Eventually Chintamani sent his son to the only performing arts school he could trust, the Ras Leela party founded by Mohansunder Goswami, where his two elder sons had already learnt to act and play the dhol.
The legendary Radha Krishna Bihari Ras Dal, founded by Mohansunder Dev Goswami in Puri in 1918, served as a training ground for a number of youngsters, aged between eight and 18, who lived with the master and imbibed from him the art of abhinaya, percussion playing, singing and stagecraft. The training may not have included much of dance as such, but it was meant to mould the child into a performing artist by offering him not only a technique but also the right atmosphere of discipline and devotion towards the arts. The children were made to learn by heart the different songs from the Geeta Govinda and Vaishnava poems and were taught how to sing, act, move around and gesticulate according to the character assigned to them.
In a Ras Leela play, the musical score and the songs sung by the actors were given the most importance; a few lines of recitation were interspersed just to create links between the sequences.
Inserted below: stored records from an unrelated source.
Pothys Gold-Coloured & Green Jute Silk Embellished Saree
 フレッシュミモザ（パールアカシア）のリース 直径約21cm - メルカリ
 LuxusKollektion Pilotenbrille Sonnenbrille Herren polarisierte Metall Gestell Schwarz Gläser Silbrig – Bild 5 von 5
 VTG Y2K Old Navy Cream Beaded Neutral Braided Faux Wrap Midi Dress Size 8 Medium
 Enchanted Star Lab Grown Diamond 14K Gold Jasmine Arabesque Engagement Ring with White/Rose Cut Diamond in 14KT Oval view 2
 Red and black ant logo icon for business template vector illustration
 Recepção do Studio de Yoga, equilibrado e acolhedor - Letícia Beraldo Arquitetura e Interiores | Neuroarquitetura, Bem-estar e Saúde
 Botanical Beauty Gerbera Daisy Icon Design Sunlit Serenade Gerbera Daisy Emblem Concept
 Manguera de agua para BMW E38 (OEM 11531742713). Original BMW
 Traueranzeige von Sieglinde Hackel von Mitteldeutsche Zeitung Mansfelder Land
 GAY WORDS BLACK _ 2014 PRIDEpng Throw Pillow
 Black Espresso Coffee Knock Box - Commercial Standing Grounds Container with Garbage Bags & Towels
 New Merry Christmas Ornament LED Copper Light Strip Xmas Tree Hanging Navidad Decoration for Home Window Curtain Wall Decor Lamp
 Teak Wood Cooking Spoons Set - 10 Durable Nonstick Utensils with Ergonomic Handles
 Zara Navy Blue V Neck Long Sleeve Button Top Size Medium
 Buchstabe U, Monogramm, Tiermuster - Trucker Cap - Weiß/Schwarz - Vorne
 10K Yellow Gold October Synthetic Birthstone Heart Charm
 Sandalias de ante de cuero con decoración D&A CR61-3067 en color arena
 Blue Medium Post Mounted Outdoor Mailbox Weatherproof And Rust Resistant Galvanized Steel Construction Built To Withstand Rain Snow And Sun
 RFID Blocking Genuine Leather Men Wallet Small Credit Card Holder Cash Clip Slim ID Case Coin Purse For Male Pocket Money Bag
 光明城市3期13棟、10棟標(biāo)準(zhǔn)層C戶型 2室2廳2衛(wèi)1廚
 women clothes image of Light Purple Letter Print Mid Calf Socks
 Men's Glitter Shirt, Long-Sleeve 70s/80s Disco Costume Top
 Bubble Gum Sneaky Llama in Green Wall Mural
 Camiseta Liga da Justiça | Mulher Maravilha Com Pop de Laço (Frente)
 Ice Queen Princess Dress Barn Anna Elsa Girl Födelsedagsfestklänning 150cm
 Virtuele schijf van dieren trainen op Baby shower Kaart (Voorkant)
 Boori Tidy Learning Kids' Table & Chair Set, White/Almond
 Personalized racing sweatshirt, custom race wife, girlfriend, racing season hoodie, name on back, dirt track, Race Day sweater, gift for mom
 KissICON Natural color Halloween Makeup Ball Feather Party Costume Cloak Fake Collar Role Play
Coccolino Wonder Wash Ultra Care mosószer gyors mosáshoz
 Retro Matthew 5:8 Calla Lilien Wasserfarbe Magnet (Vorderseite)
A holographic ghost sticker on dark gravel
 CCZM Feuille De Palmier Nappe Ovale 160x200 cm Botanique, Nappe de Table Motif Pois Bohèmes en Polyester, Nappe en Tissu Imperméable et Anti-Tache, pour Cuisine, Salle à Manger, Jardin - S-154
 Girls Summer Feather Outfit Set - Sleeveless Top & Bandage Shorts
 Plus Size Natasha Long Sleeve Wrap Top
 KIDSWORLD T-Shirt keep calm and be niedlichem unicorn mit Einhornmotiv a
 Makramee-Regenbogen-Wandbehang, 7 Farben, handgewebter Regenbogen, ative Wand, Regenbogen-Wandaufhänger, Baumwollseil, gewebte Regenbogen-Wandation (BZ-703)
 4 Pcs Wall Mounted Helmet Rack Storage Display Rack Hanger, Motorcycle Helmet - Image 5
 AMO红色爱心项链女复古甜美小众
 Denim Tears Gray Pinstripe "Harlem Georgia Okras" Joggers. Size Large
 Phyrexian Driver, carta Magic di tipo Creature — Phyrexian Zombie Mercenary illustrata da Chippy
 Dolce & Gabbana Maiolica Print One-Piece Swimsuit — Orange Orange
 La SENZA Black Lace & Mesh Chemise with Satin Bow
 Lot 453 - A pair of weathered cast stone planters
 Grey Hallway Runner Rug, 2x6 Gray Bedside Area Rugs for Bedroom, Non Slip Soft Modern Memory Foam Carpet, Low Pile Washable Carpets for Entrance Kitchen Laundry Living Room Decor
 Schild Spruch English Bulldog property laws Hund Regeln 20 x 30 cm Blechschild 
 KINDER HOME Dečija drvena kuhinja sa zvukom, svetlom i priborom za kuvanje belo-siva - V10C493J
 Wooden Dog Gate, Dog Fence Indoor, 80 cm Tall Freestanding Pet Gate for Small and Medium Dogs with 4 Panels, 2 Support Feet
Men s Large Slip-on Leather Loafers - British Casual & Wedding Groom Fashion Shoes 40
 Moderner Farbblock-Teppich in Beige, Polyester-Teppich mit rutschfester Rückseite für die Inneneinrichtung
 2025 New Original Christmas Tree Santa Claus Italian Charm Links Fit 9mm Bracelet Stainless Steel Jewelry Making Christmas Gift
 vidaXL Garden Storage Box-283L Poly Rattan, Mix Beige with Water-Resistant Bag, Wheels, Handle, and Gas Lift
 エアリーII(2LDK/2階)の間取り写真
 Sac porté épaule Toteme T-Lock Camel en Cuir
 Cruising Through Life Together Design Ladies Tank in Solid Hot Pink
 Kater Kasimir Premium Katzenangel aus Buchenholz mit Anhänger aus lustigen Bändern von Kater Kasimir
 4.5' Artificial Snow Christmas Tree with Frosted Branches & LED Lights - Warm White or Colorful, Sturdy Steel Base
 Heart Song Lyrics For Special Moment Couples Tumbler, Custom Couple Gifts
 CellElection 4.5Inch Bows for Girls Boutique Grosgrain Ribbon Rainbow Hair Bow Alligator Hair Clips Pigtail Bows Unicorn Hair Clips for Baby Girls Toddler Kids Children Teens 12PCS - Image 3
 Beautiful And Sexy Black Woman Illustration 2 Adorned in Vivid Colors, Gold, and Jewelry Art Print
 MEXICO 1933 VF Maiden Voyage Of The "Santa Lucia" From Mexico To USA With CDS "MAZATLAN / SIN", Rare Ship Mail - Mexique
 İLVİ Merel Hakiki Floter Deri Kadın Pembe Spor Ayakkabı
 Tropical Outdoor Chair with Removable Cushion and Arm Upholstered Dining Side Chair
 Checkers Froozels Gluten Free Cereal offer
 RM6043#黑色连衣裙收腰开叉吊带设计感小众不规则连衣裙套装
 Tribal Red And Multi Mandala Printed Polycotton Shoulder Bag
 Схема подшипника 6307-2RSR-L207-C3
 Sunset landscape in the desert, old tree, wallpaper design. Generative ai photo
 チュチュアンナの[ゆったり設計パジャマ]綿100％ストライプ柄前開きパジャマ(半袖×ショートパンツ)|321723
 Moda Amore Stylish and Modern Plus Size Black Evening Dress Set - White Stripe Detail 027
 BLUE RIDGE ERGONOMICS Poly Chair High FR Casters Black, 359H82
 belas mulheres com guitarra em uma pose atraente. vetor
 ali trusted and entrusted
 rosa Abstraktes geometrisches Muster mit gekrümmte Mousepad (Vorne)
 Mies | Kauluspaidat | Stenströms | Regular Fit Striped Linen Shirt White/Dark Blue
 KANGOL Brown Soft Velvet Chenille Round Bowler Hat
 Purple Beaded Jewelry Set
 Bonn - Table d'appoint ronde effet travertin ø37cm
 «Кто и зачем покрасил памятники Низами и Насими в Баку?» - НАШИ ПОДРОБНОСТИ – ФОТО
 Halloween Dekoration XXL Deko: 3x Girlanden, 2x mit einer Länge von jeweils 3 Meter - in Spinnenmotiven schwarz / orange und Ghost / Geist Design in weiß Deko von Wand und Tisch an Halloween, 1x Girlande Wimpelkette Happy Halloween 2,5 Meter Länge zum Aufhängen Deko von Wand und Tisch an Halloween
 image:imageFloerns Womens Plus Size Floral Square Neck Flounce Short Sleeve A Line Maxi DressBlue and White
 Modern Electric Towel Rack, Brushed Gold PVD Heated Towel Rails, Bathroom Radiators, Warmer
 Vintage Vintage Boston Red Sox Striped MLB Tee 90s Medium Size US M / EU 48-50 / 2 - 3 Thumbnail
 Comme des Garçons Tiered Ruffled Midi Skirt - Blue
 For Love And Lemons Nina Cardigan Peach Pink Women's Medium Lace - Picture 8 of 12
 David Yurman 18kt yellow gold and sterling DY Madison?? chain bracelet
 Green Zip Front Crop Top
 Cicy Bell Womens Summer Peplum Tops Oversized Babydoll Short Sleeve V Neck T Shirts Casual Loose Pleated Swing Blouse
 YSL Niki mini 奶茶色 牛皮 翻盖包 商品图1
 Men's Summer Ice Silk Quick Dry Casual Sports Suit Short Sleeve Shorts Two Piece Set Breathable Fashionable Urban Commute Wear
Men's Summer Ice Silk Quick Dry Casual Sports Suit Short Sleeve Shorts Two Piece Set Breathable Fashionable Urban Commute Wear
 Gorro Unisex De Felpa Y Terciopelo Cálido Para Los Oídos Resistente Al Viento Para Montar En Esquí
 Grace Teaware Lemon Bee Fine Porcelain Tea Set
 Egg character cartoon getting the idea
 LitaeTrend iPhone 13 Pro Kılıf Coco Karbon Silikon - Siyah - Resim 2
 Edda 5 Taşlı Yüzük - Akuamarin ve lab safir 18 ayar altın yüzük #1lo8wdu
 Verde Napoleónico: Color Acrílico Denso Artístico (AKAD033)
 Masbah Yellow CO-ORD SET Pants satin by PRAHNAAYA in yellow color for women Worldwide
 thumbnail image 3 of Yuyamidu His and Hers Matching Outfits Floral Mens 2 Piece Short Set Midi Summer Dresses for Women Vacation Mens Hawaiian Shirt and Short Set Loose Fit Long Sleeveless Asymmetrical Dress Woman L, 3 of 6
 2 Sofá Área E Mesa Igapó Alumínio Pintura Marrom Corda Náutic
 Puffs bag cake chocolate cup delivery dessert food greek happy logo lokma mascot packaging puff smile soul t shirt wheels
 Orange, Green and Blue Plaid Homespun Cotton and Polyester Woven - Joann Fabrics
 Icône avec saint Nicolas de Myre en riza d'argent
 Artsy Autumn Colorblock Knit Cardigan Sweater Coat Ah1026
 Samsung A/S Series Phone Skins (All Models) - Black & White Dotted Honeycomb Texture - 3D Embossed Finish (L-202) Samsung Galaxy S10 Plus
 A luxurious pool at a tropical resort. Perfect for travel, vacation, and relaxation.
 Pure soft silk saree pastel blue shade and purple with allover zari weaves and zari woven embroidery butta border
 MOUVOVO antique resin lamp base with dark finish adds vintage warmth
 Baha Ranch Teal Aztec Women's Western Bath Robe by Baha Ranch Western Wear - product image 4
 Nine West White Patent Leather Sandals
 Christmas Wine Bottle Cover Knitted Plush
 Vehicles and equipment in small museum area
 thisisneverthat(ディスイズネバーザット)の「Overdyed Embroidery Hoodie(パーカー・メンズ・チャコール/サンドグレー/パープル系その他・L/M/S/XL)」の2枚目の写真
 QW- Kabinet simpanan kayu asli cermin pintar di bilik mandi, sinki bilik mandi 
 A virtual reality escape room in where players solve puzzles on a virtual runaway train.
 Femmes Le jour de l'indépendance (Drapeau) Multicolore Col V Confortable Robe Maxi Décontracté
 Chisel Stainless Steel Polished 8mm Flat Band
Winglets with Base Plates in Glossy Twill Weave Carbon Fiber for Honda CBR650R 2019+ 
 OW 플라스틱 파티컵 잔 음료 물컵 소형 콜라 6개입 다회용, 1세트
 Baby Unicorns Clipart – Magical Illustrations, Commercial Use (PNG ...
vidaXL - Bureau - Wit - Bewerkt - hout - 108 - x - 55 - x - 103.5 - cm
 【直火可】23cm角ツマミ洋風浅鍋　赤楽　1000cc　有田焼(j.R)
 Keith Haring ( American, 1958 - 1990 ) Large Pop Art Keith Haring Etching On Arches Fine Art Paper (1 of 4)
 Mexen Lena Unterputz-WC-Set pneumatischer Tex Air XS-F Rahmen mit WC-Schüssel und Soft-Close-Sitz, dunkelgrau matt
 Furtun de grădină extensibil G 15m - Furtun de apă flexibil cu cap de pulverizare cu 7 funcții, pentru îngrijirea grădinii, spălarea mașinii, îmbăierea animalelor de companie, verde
During those days, a Ras Leela performance by Mohan
Goswami's troupe could easily draw 3000 to 4000 spectators who would assemble
not only from the village where the performance took place but also from miles
away. With a simple and rustic stage, a set of gestures taken mostly from daily
life and a minimum number of combinations of foot movements, the performance
was able to create a strong emotional impact on the audience.
In the Ras Leela style of recitation, the satvika aspect was given the most importance; guru Goswami himself would incite the children from the side of the stage so that they would not loose concentration. The variety of songs employed in Goswami's plays gave ample scope to the artists to familiarise themselves with the myriads of episodes and nuances of the imaginative and rich literature which took shape in Orissa during the 15th, 16th and 17th centuries around the mythical story of Radha and Krishna.
This experience was of great importance for the future development of abhinaya in Odissi dance since, not only Kelucharan Mohapatra, but quite a few of the other Odissi guru-s as well, had at one point or the other gone through this apprenticeship.
It is noteworthy that, in Goswami's troupe, the most memorable female roles were portrayed by two of its male members, although two girls had also been accepted as part of it. The two girls were Radharani, daughter of a mahari's sister, who specialised in the character of Brindadevi; and Bidhyutlata Mohanty, a prostitute's daughter who used to portray the role of Chandrabali. The role of Radha was depicted by a boy named Basudeva and that of Lalita by Raghunath Nanda, who had been picked up by guru Goswami while he was singing along with his father on the 'bada danda' (main road) in Puri. Both the roles were quite demanding: while the first one was more intense and introverted, the second was supposed to be full of humour and wit and it seems Raghunath was so good in portraying this naughty character that he used to get medals for 'the best role' every time he performed. This goes to show that it is talent and not gender which is more important in the evaluation of an artist!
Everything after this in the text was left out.